## Exercise prompt
Only one stretch of the data below is needed. Output the lines from the one with "Bin Day Supervisor" up to and including the one with "100Pcs Polymer Clay", exactly as they stand.

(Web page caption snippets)
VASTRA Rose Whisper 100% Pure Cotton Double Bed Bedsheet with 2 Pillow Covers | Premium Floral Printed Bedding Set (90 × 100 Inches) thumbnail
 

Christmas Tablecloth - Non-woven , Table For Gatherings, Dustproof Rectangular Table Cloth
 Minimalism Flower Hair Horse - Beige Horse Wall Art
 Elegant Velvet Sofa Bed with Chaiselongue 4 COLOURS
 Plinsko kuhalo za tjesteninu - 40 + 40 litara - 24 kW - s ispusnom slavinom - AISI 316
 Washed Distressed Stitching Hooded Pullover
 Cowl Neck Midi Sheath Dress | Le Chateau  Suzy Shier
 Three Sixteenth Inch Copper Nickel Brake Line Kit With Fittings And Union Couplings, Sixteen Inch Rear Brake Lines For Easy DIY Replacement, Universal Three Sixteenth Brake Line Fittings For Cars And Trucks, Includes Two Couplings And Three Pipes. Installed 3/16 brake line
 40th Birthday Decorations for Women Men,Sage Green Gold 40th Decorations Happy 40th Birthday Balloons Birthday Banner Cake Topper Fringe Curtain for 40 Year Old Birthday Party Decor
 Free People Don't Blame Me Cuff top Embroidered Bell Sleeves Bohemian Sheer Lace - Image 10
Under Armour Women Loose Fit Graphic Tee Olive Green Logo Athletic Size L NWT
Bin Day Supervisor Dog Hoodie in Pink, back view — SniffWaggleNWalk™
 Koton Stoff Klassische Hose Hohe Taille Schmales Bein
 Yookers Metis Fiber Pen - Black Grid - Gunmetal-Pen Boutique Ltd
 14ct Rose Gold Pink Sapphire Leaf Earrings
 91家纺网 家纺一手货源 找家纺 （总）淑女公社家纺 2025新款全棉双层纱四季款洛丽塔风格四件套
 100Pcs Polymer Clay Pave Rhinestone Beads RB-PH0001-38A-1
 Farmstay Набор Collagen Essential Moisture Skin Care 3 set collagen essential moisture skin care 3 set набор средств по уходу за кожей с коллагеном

## Finished task
Bin Day Supervisor Dog Hoodie in Pink, back view — SniffWaggleNWalk™
 Koton Stoff Klassische Hose Hohe Taille Schmales Bein
 Yookers Metis Fiber Pen - Black Grid - Gunmetal-Pen Boutique Ltd
 14ct Rose Gold Pink Sapphire Leaf Earrings
 91家纺网 家纺一手货源 找家纺 （总）淑女公社家纺 2025新款全棉双层纱四季款洛丽塔风格四件套
 100Pcs Polymer Clay Pave Rhinestone Beads RB-PH0001-38A-1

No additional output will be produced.